- Born: February 21, 1865 Jefferson City, Tennessee
- Died: August 9, 1913 (aged 48)
- Parent(s): Andrew Jackson Mountcastle Cornelia Frances Williams

= Robert Edward Lee Mountcastle =

Robert Edward Lee Mountcastle (February 21, 1865 – August 9, 1913) was a member of the Democratic National Committee and president of the Tennessee State Bar Association from 1902 to 1903.

==Biography==
He was born in Jefferson City, Tennessee, on February 21, 1865, to Andrew Jackson Mountcastle and Cornelia Frances Williams. He had two brothers, Frank Mountcastle of Johnson City, and George Mountcastle of Lexington, North Carolina. He had two sisters, Mrs. Clyde Yoe and Eulah Mountcastle of Jefferson City, Tennessee.

He received his degree of A.B. from Carson–Newman College in Jefferson City, Tennessee. He then attended Washington and Lee University in Lexington, Virginia, graduating from there with a second A.B. degree in 1882.

In 1885 he was admitted to the Tennessee Bar Association and began practicing law in Lynchburg, Tennessee.

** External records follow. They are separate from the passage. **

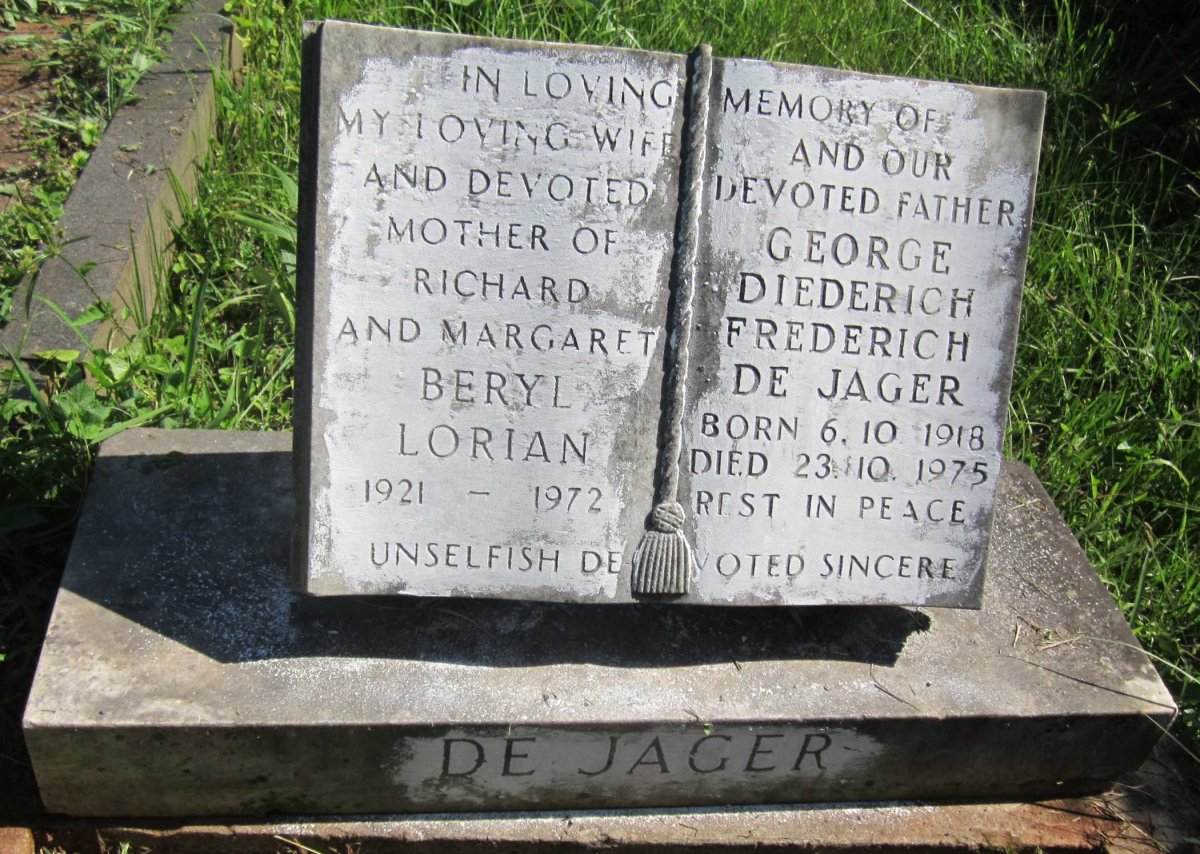JAGER George Diederich Frederich, de 1918-1975 &amp; Beryl Lorian 1921-1972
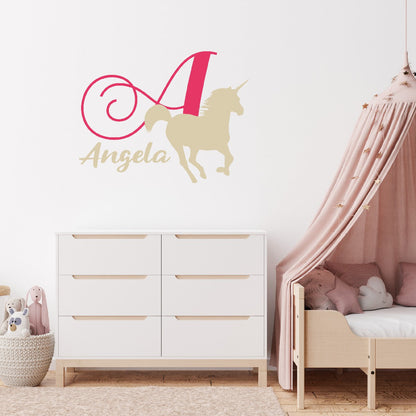 Custom Name Wall Decal Unicorn - Enchanting Unicorn Monogram Wall Decals - Custom Unicorn Designs for Kid's Room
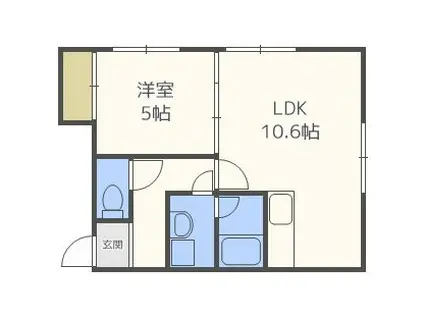 リラコート24(1LDK/2階)の間取り写真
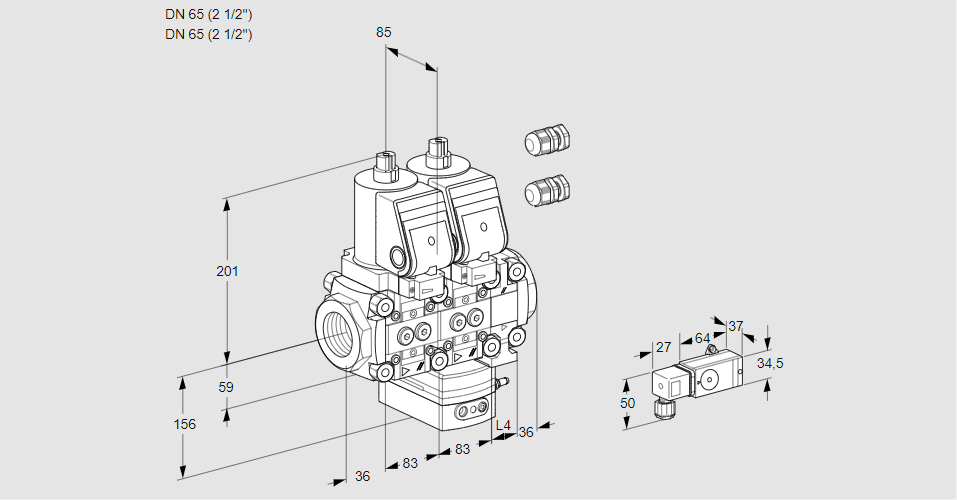 Регулятор расхода с двумя эл.магнитными клапанами VCH 3E65R/65R05NHEVWSR3/-3PP/PPPP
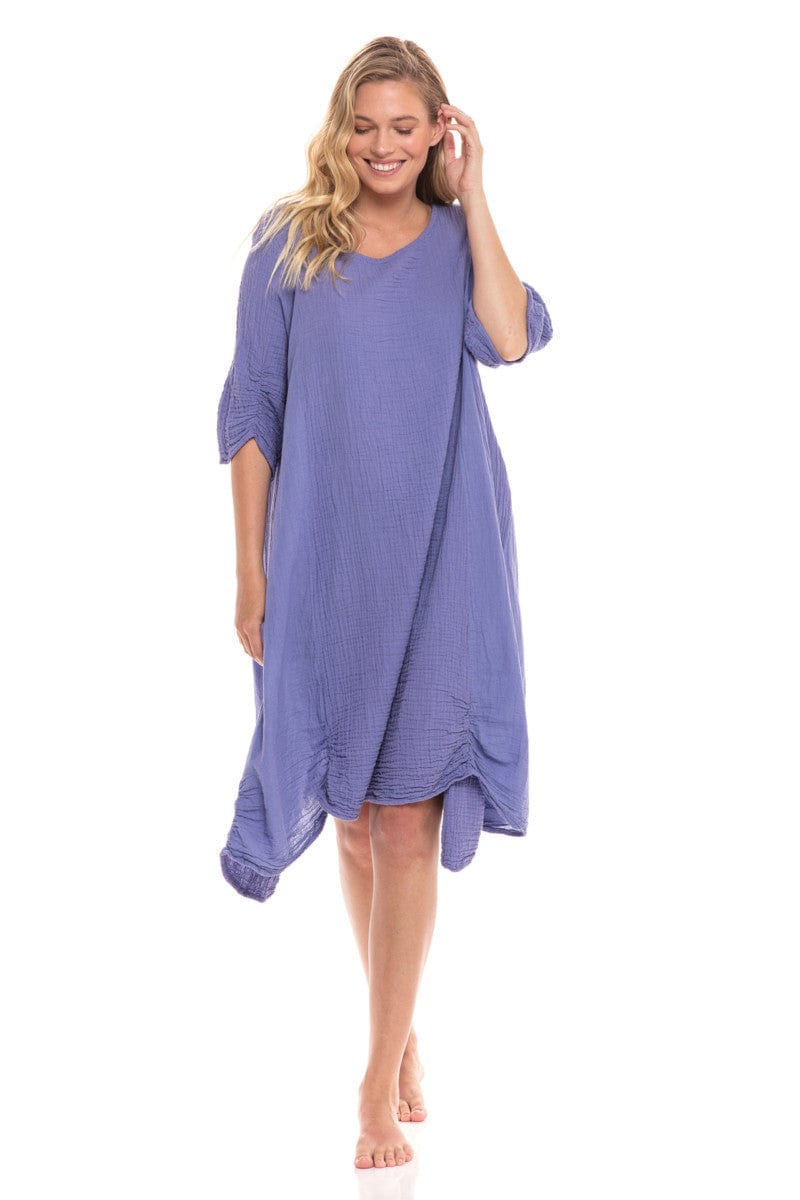 Thai Cotton 3/4 Sleeve Dress Lilac Lilac / Large/Extra Large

On March 20, 1889, he married Eliza Bird Salmon of Lynchburg, Tennessee. They had two daughters and two sons, Louise Mountcastle, Marguerite Mountcastle, Paul Mountcastle, and Frederick Mountcastle.

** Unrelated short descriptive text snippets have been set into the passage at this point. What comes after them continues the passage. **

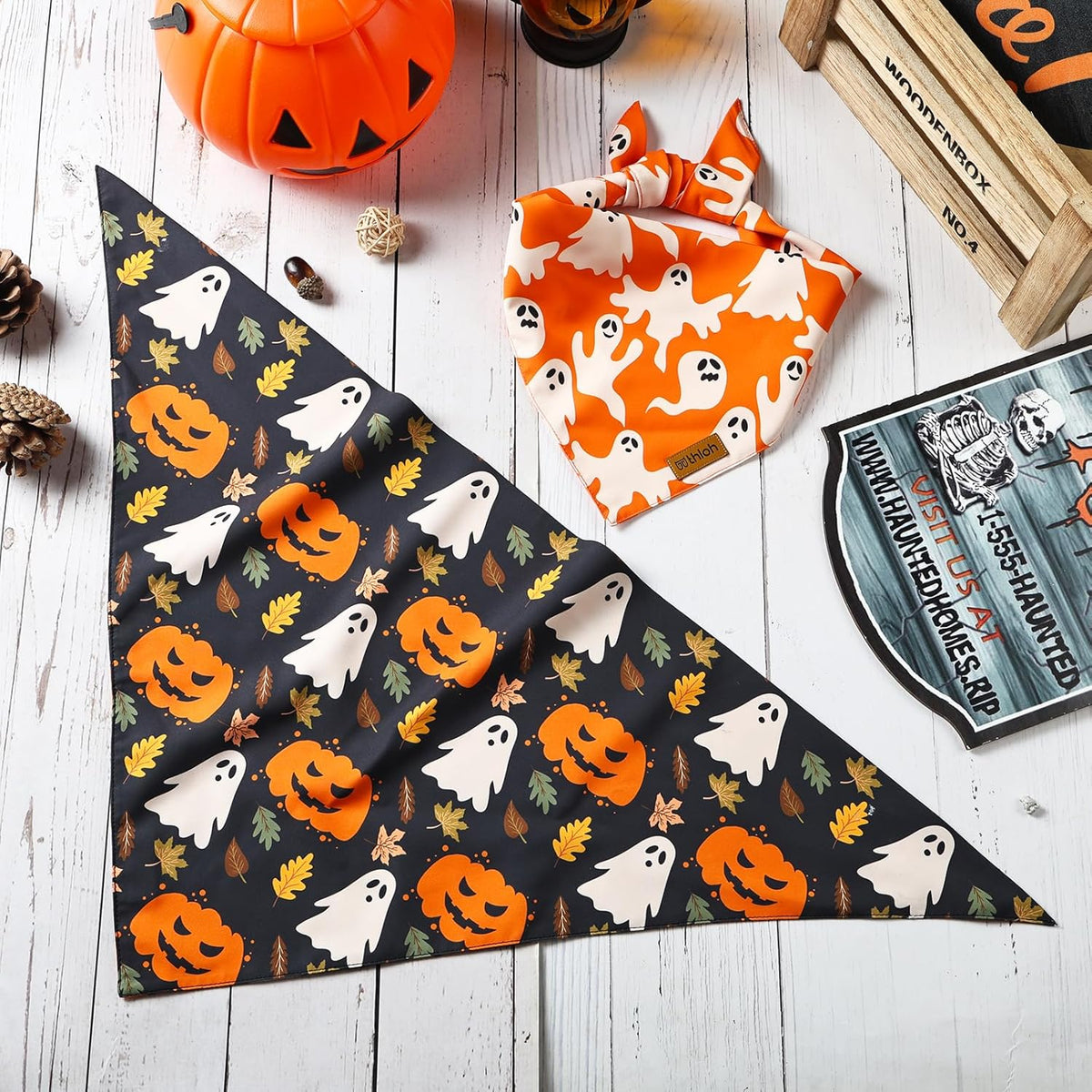 Halloween Dog Bandanas - 2 Pack Fall Dog Bibs | Reversible Pumpkin and Ghost Pet Scarf for Boys and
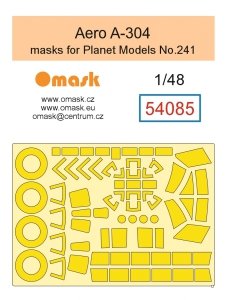 Omask 54085 Aero A-304 Mask (for Planet Models No.241) yellow masking tape 1/48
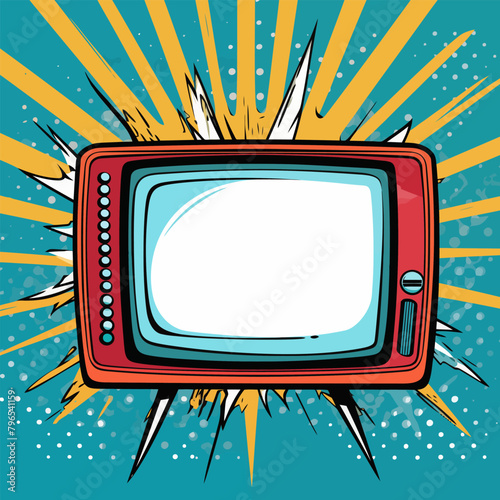 Vintage television set with empty screen against blue backdrop.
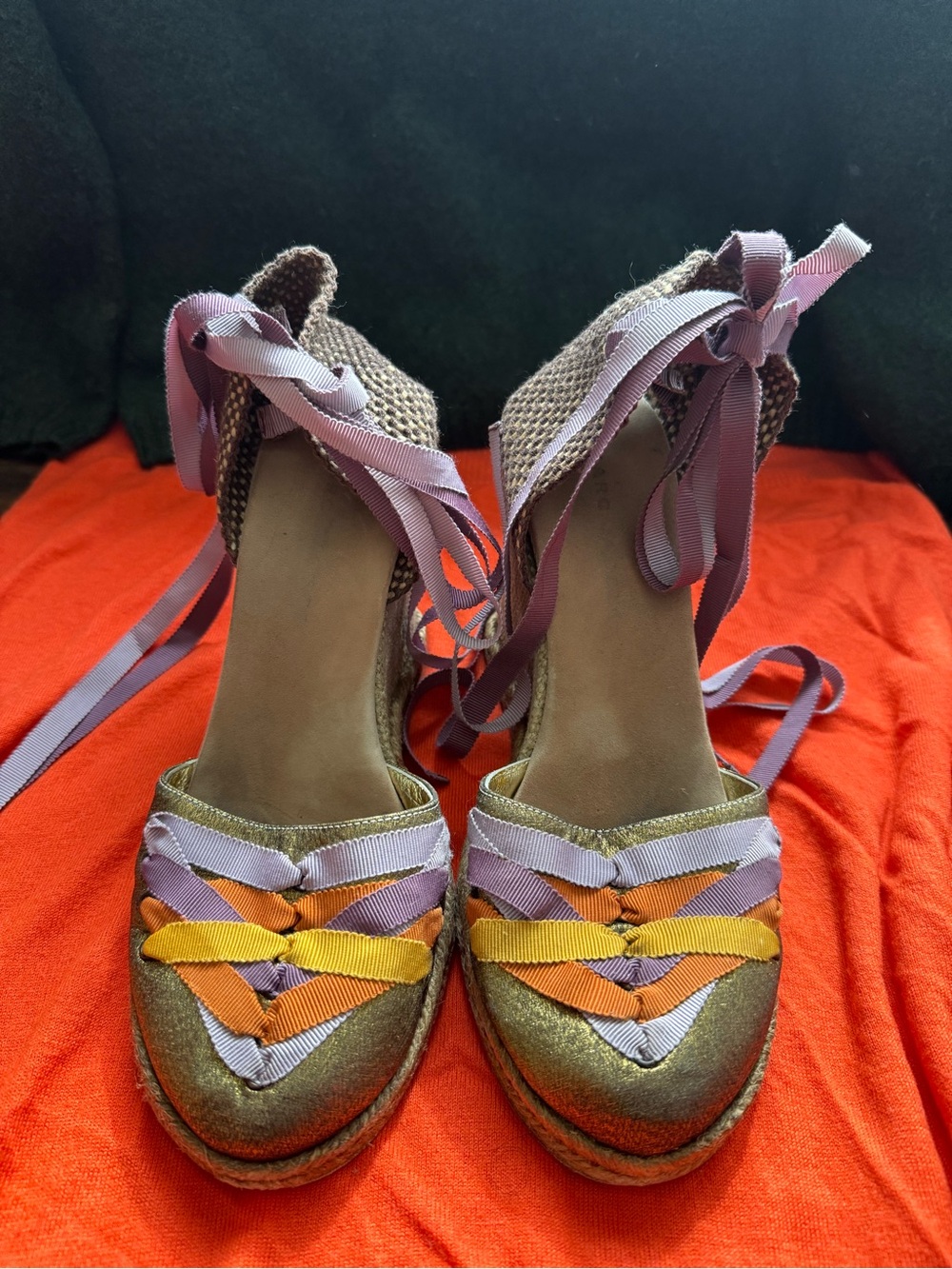 Marc Jacobs Woven Ribbon Espadrille Wedges in Lavender, Orange & Gold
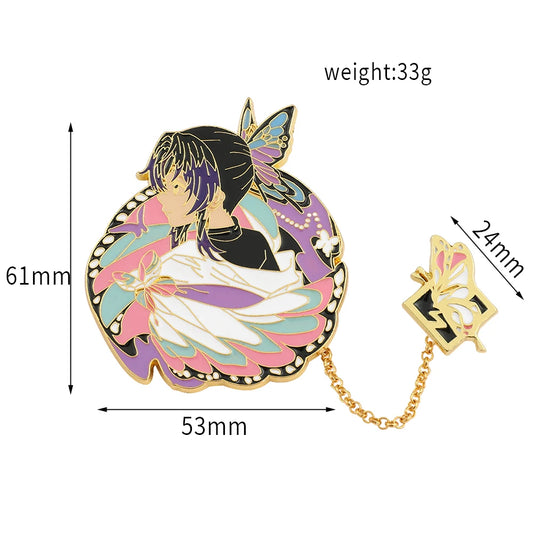 Anime Demon Slayer Brooch – Kochou Shinobu Enamel Badge with Tassel Pendant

In 1892 he moved to Morristown, Tennessee, and formed a law firm with James T. Shields and John Knight Shields. He later moved to Knoxville, Tennessee, and became a member of Shields, Cates & Mountcastle.

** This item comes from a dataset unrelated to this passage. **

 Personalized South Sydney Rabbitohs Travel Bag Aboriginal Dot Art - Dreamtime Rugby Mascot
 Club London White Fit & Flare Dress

In 1904 he was elected Democratic National Committeeman from Tennessee. From 1900 to 1904 he was a member of the Tennessee State Democratic Executive Committee, and was also a district delegate to the 1892 Democratic National Convention in Chicago, Illinois. He was appointed to the staff of James Beriah Frazier in January 1903.

He died on August 9, 1913, of uremia.